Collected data
-- Opening Marker --
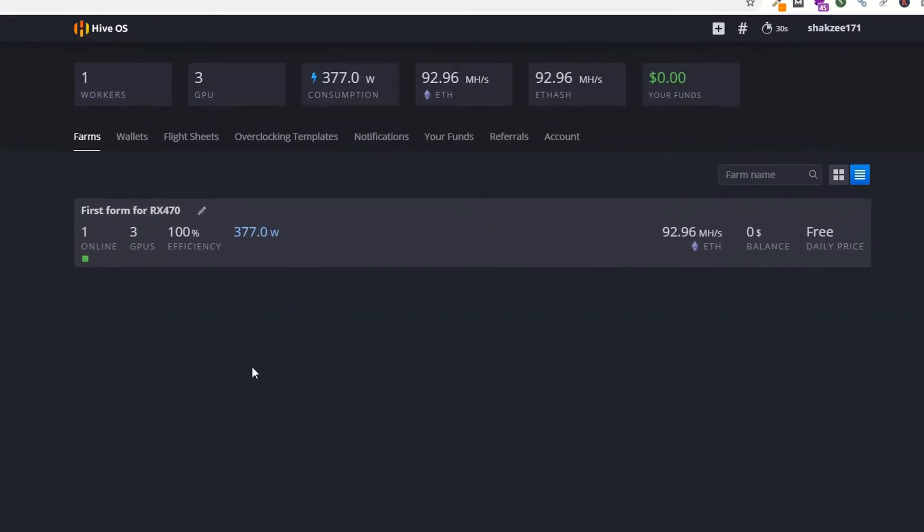Hi guys, I am Shahzad and welcome. Today we are going to show you how you can upgrade your HiveOS. Now as you can see, this is the admin panel of HiveOS.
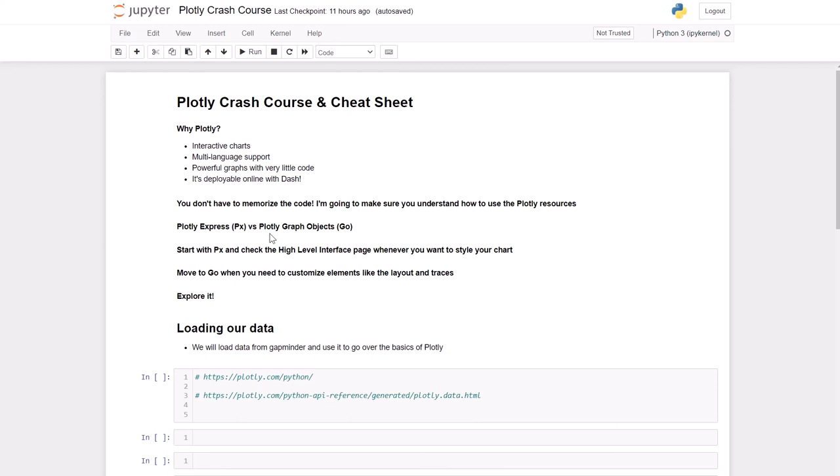We're gonna start with plotly express because that's gonna be your entry for Plotly. It's the easiest to set up and then we're gonna move to plotly graph objects once we need to customize our chart a bit further.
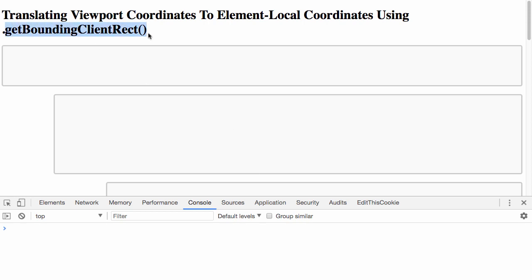We can use the getBoundingClientRect method on the element API to translate viewport relative coordinates into element local coordinates.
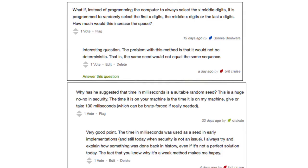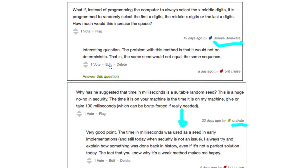For example, in terms of where one of these branches can go, I've noticed clusters of questions kind of leading into a common branch. Under the pseudorandom number generator, I have two questions here — one by Sunny and one by Dracane. Dracane's question is: why has he suggested that time in milliseconds is a suitable random seed? This is a huge no-no in security. The time it is on your machine is the time it is on my machine, give or take 100 milliseconds, which can be brute force attacked. This speaks to the need that I didn't present a cryptographically secure pseudorandom generator. The middle squares method is back here in the early 20th century, but we are not using it today — and that's a whole interesting branch.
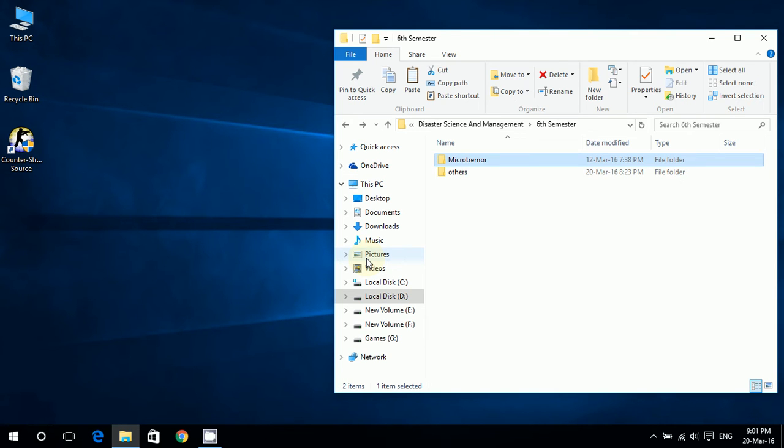Hello, this is Nafi Sajid and this is my first tutorial. I will be showing you how to process microtremor data. This is for my classmates and people who need it in the future, so I'll go right to it.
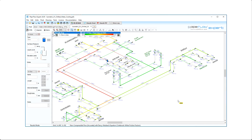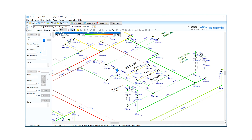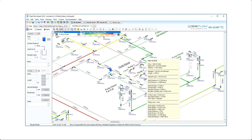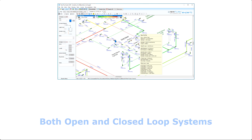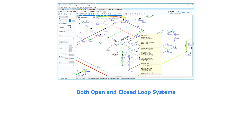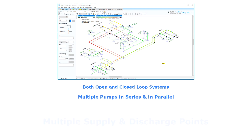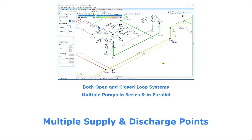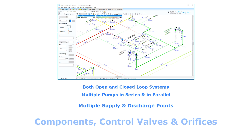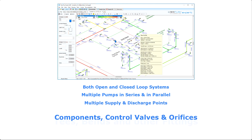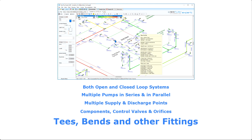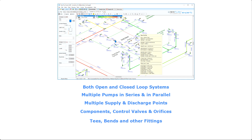Model simple piping systems with just a few pipes to complex systems containing hundreds of pipes in both open and closed loop piping designs with multiple pumps or compressors in series and in parallel. Include numerous supply and discharge points, components and control valves, tees, vents and many more fittings.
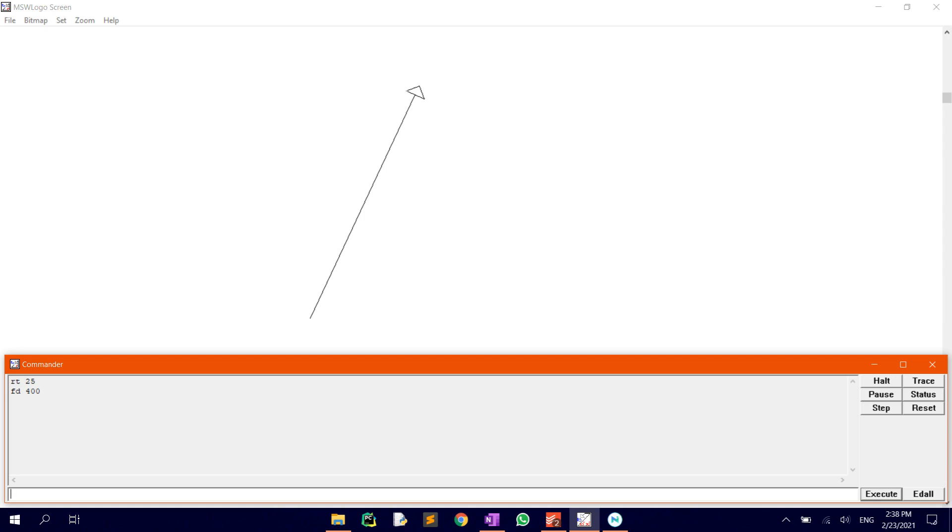We then want to move the turtle to the midpoint of the line to start drawing the second line. To do this, move the turtle backwards by 200 units. Type in BK200, which is short for backward.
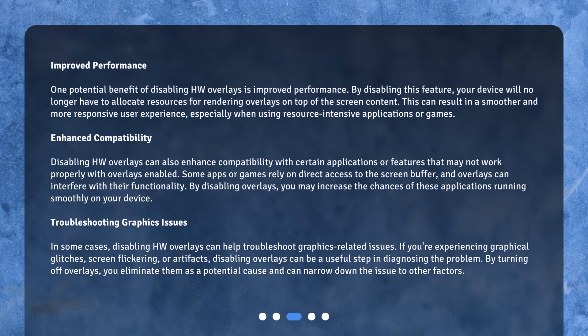One potential benefit of disabling HW overlays is improved performance. By disabling this feature, your device will no longer have to allocate resources for rendering overlays on top of the screen content. This can result in a smoother and more responsive user experience, especially when using resource-intensive applications or games.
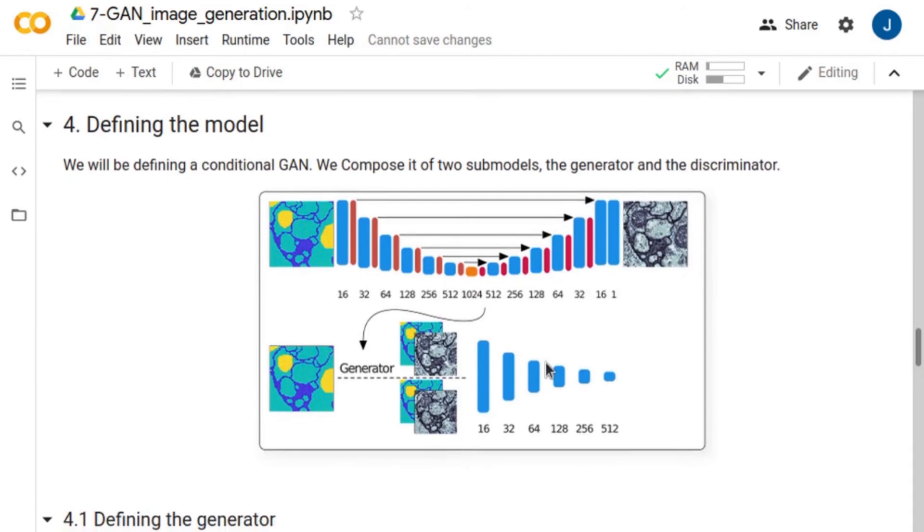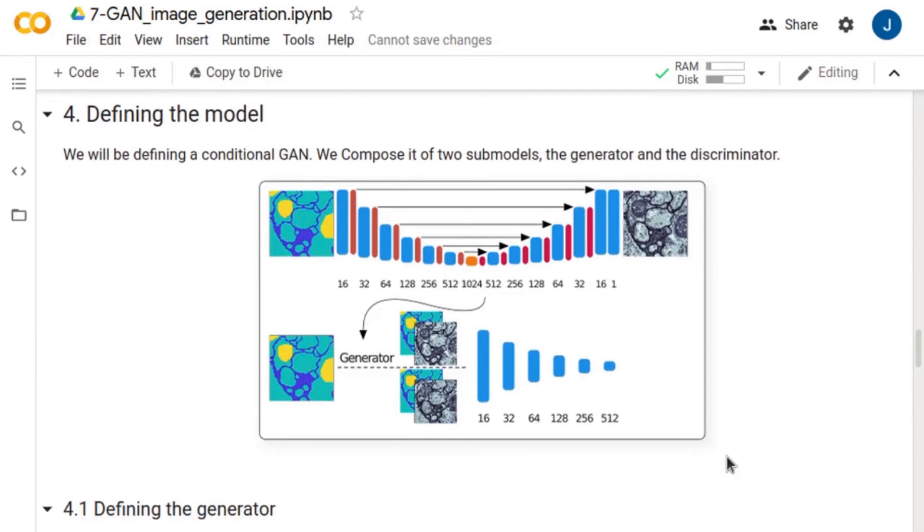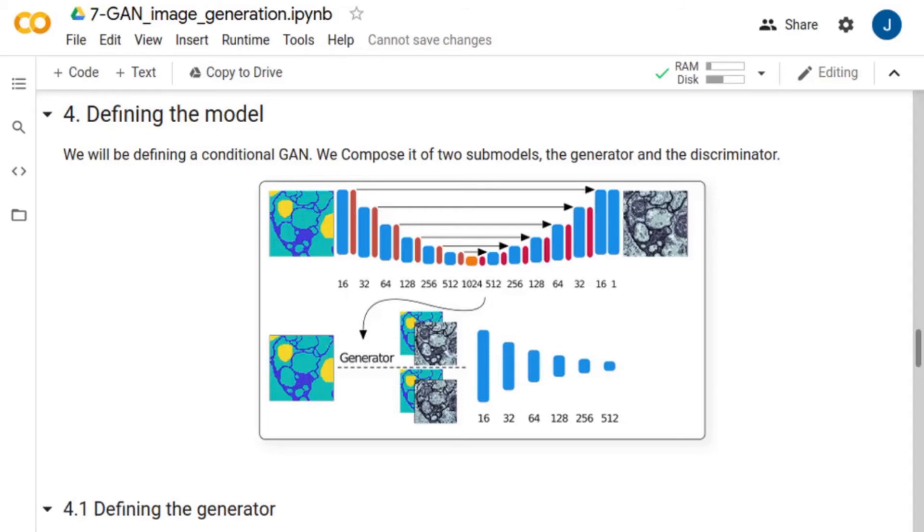Our network is composed of a generator that learns the mapping relation between the input mask and corresponding cell image, and of a discriminator that determines whether the generated image looks realistic or not, according to the experimental data.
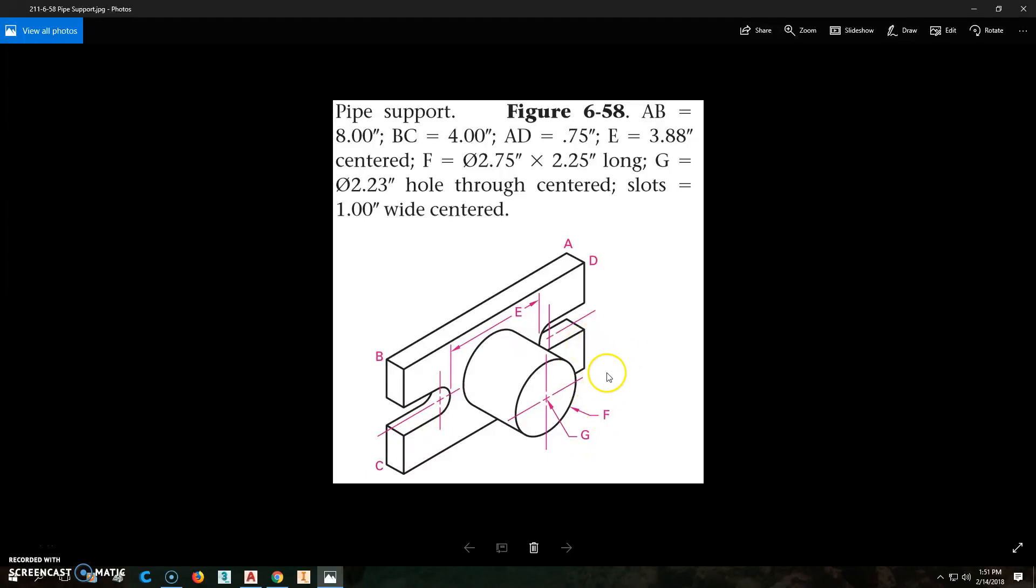Alright, this is part 211-6-58, a pipe support. When we're looking at this drawing, we're going to look at A to B, and you can kind of figure these things out.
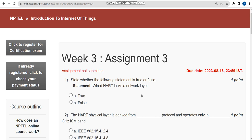Hello guys, welcome back to this channel. If you are new to our channel, please subscribe, like this video and share it in your WhatsApp groups so that everyone will get the solutions and good marks in assignments and the final exam. This is the Week 3 assignment of Introduction to IoT course. For the past five years we have been giving solutions for various courses, and with that experience we are giving these solutions too.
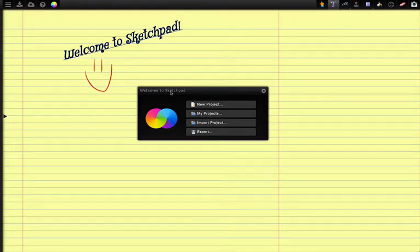Hello and welcome to Sketchpad. Today we're going to show you a quick tutorial of how you can use Sketchpad to sign your PDF documents.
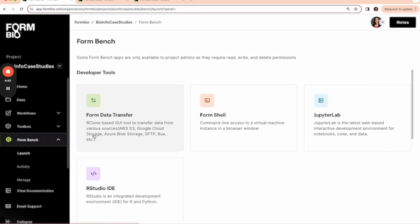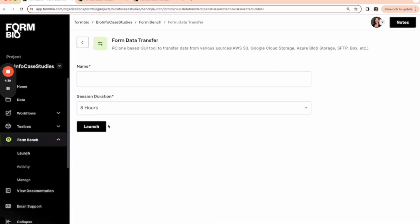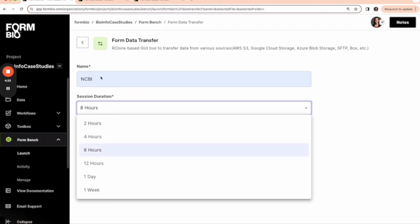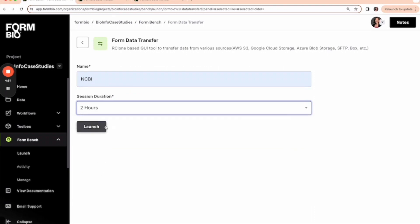This will allow us to select an instance type, in this case Form Data Transfer, and create that instance with a name and a duration time. Then we just click launch.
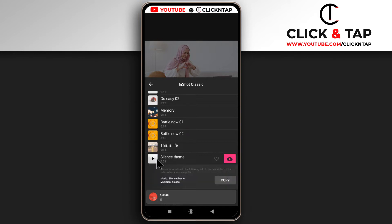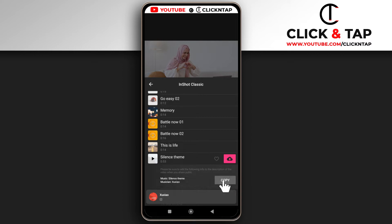I just paused it, and if you wish to use the song you just need to tap copy, so that when you upload the video on YouTube you can paste this to make sure that you don't get any kind of copyright claims on your videos.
-- Closing Marker --
Please print the records above once more, word for word, omitting all pictures.

Hi guys, I am Shahzad and welcome. Today we are going to show you how you can upgrade your HiveOS. Now as you can see, this is the admin panel of HiveOS.
We're gonna start with plotly express because that's gonna be your entry for Plotly. It's the easiest to set up and then we're gonna move to plotly graph objects once we need to customize our chart a bit further.
We can use the getBoundingClientRect method on the element API to translate viewport relative coordinates into element local coordinates.
For example, in terms of where one of these branches can go, I've noticed clusters of questions kind of leading into a common branch. Under the pseudorandom number generator, I have two questions here — one by Sunny and one by Dracane. Dracane's question is: why has he suggested that time in milliseconds is a suitable random seed? This is a huge no-no in security. The time it is on your machine is the time it is on my machine, give or take 100 milliseconds, which can be brute force attacked. This speaks to the need that I didn't present a cryptographically secure pseudorandom generator. The middle squares method is back here in the early 20th century, but we are not using it today — and that's a whole interesting branch.
Hello, this is Nafi Sajid and this is my first tutorial. I will be showing you how to process microtremor data. This is for my classmates and people who need it in the future, so I'll go right to it.
Model simple piping systems with just a few pipes to complex systems containing hundreds of pipes in both open and closed loop piping designs with multiple pumps or compressors in series and in parallel. Include numerous supply and discharge points, components and control valves, tees, vents and many more fittings.
We then want to move the turtle to the midpoint of the line to start drawing the second line. To do this, move the turtle backwards by 200 units. Type in BK200, which is short for backward.
One potential benefit of disabling HW overlays is improved performance. By disabling this feature, your device will no longer have to allocate resources for rendering overlays on top of the screen content. This can result in a smoother and more responsive user experience, especially when using resource-intensive applications or games.
Our network is composed of a generator that learns the mapping relation between the input mask and corresponding cell image, and of a discriminator that determines whether the generated image looks realistic or not, according to the experimental data.
Alright, this is part 211-6-58, a pipe support. When we're looking at this drawing, we're going to look at A to B, and you can kind of figure these things out.
Hello guys, welcome back to this channel. If you are new to our channel, please subscribe, like this video and share it in your WhatsApp groups so that everyone will get the solutions and good marks in assignments and the final exam. This is the Week 3 assignment of Introduction to IoT course. For the past five years we have been giving solutions for various courses, and with that experience we are giving these solutions too.
Hello and welcome to Sketchpad. Today we're going to show you a quick tutorial of how you can use Sketchpad to sign your PDF documents.
This will allow us to select an instance type, in this case Form Data Transfer, and create that instance with a name and a duration time. Then we just click launch.
I just paused it, and if you wish to use the song you just need to tap copy, so that when you upload the video on YouTube you can paste this to make sure that you don't get any kind of copyright claims on your videos.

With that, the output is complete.